Financial institutions are feeling the pressure all around. Digital banking reigns supreme as consumers increasingly prefer to manage their finances digitally and loyalty is waning. Institutions need to offer innovate lending solutions and reconsider how they engage consumers. Already, digital-savvy financial institutions are scooping up this business. According to the Bain Retail Banking NPS Survey, 54% of loans and 50% of credit cards in the U.S are opened at providers that consumers do not consider their primary financial institution. And more than three-quarters of those surveyed who received a direct offer from a competitive institution said they would have purchased from their primary institution had they received a similar offer.

As more and more lenders provide digital-first experiences, consumer expectations have evolved. Processes that used to take days can now happen in minutes. Technology has decreased the operational effort required of financial institutions and enables demand creation, so institutions can reach new consumers and foster deeper relationships with existing ones.

Pressure to Modernize Business Lending Solutions
Institutions that have not modernized business lending processes are feeling the pressure. Those that still rely on manual and paper-based loan approval procedures find they are out of step with a digitized world, affected by:

  • Slower decision times.
  • Burdensome data management.
  • Time-intensive manual processes that span disparate systems.
  • Inefficient application processes and communications with the borrower.
  • Expensive wet signatures.
  • Difficult document collection, management and storage.

The cumulative effects of these inefficiencies are compounded by the evolving landscape in lending. Nearly nine in 10 financial institutions believe they will lose some business to stand-alone fintech companies over the next five years. That fear is not unfounded.

Managing Credit Risk in a New Era
The business credit framework has not changed. Lenders still consider credit profile and history, firmographics and cash flow analytics when evaluating debt capacity. This requires the ability to collect and analyze data like macroeconomic factors, industry trends, digital presence, credit performance, financials, bank accounts, POS transactions and business credit reports.
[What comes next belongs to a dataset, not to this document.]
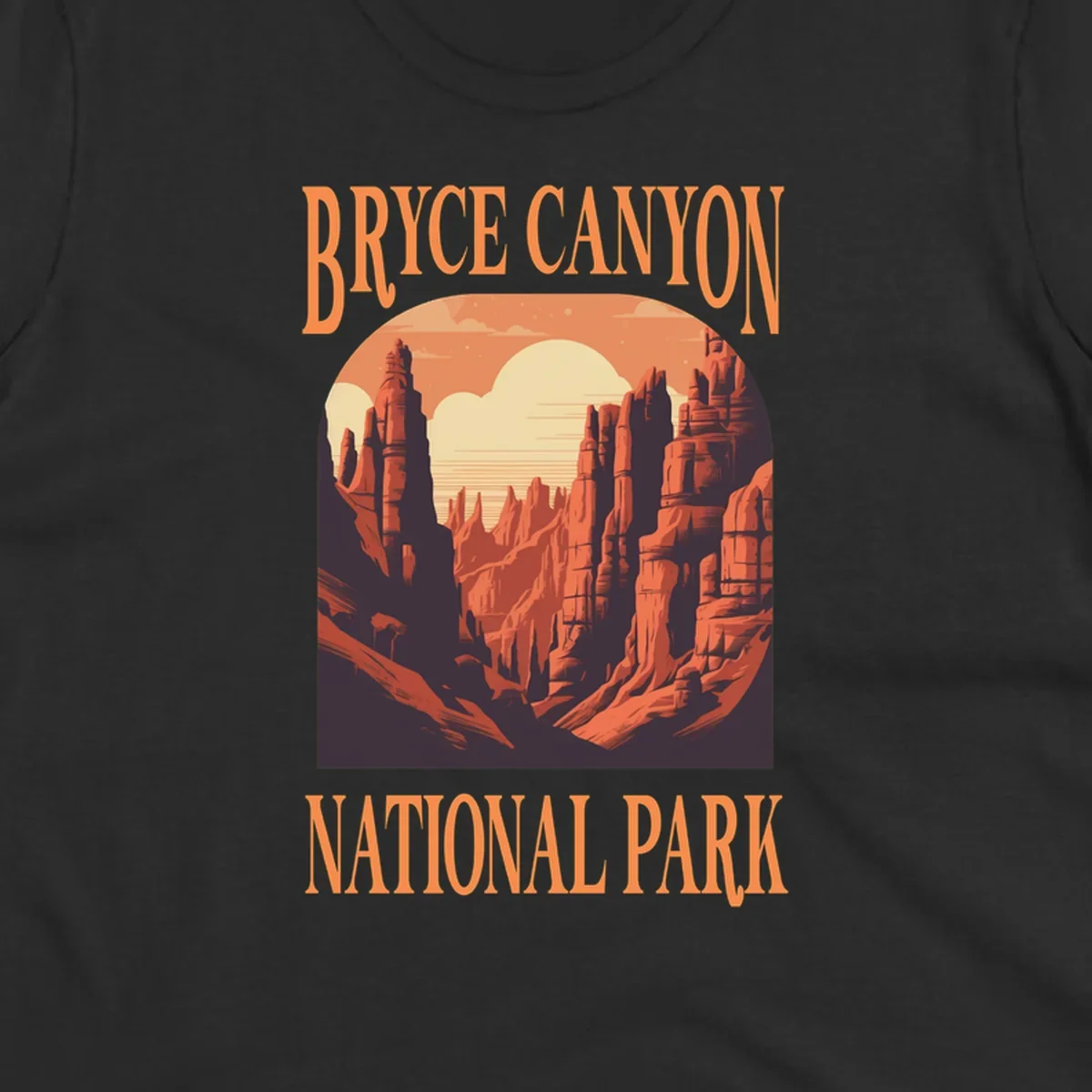 Vintage travel poster illustration of Bryce Canyon hoodoos with sunset sky and rock formations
Solutions to manage risk, however, have modernized. Advancements in machine learning techniques have transformed risk analysis to consume thousands of data points and leverage insight and learning from decades of loan performance data. For business lenders, this means better, faster, more accurate and consistent decisions in compliance with the set credit policy. Digital-first lenders can:

  • Use superior workflow tools to aid in better decision-making and operational resiliency.
  • Leverage risk assessment techniques that cannot be performed by humans.
  • Improve accuracy and consistency of credit decisions.
  • Specialize and customize by industry based on business goals.
  • Leverage new data sources and decades of credit performance data.
  • Process large volumes of data in seconds alongside the ability to identify and focus on what matters most.

Financial institutions transitioning to digital channels enjoy more opportunities to better serve consumers, expand market share and drive more revenue.